== Task input

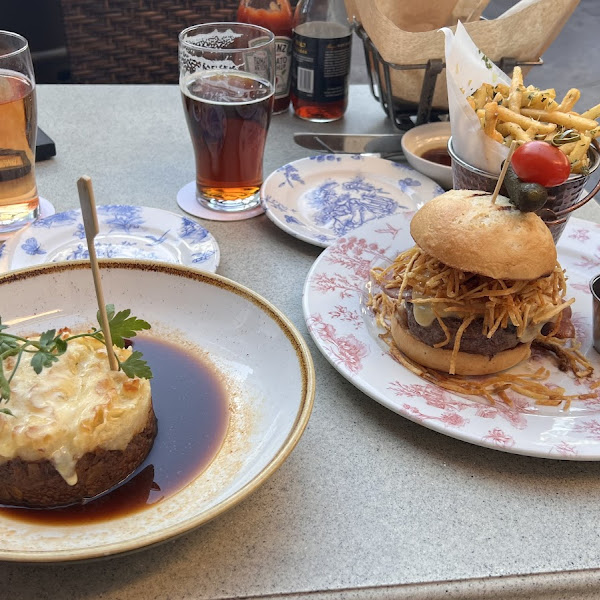 Shepherds pie & OMG burger with garlic parm fries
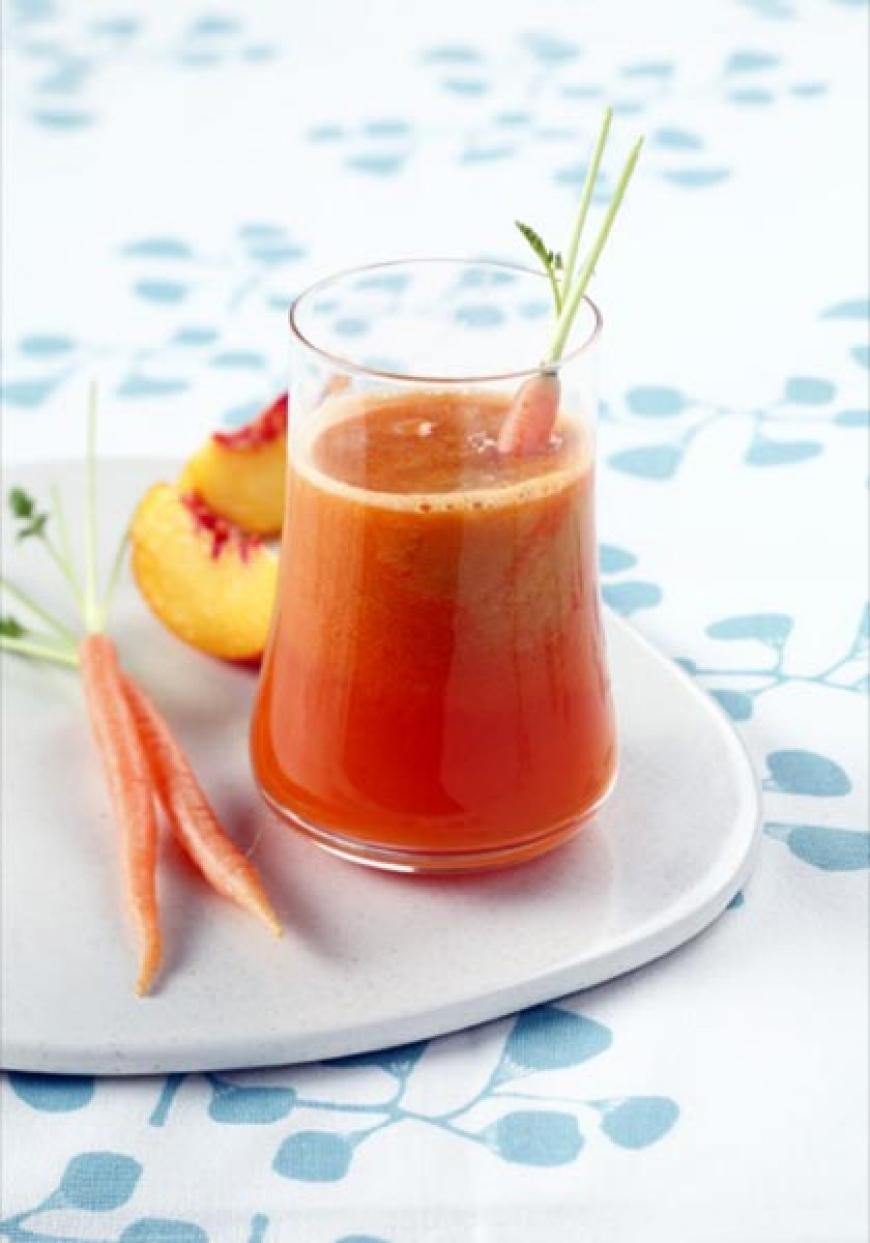 Jus de carotte, pêche et abricot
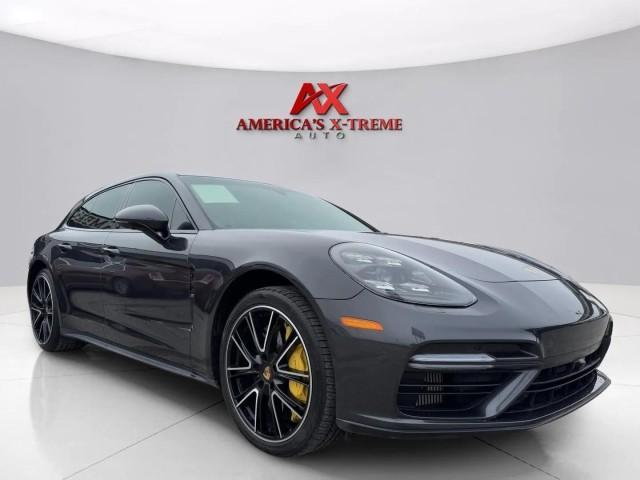 Photo of 2018 Volcano Grey Metallic Porsche Panamera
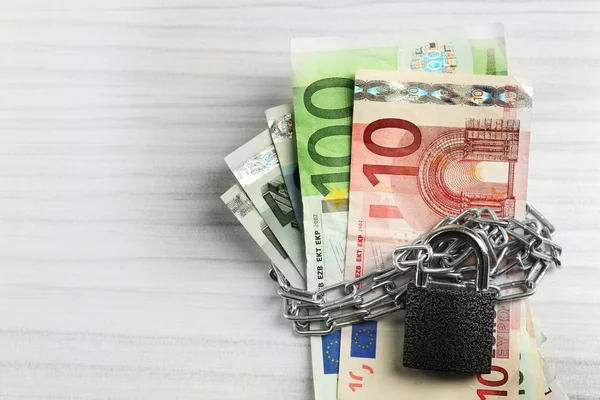 Euro-bankbiljetten met lock — Stockfoto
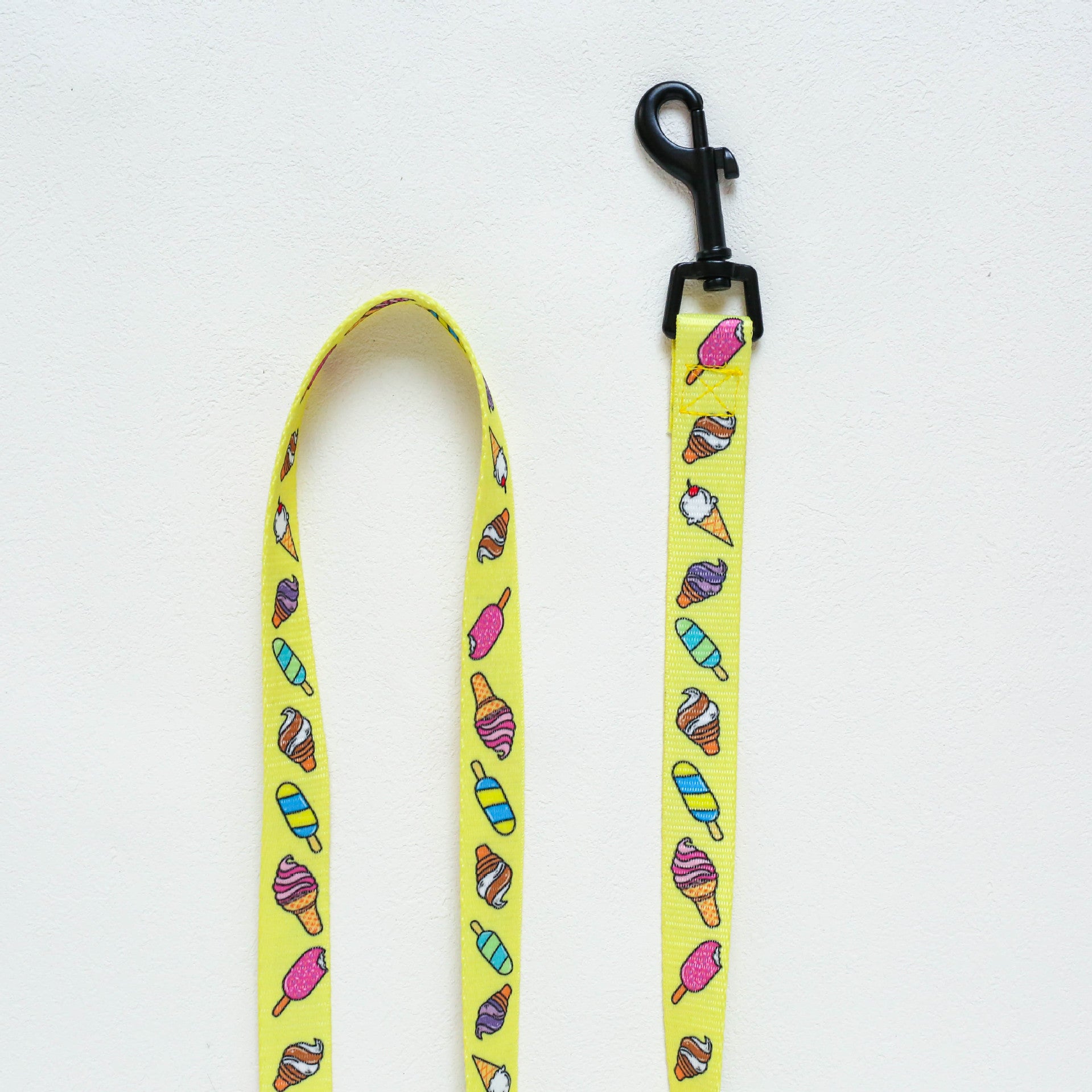 Harness and leash with unique "NicNic" patterns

====

## [Task brief]
Retype the line containing "Jus de carotte, pêche et abricot" and all lines after it to the end of the material, exactly as written, leaving out any pictures.

## [Completed task]
 Jus de carotte, pêche et abricot
 Photo of 2018 Volcano Grey Metallic Porsche Panamera
 Euro-bankbiljetten met lock — Stockfoto
 Harness and leash with unique "NicNic" patterns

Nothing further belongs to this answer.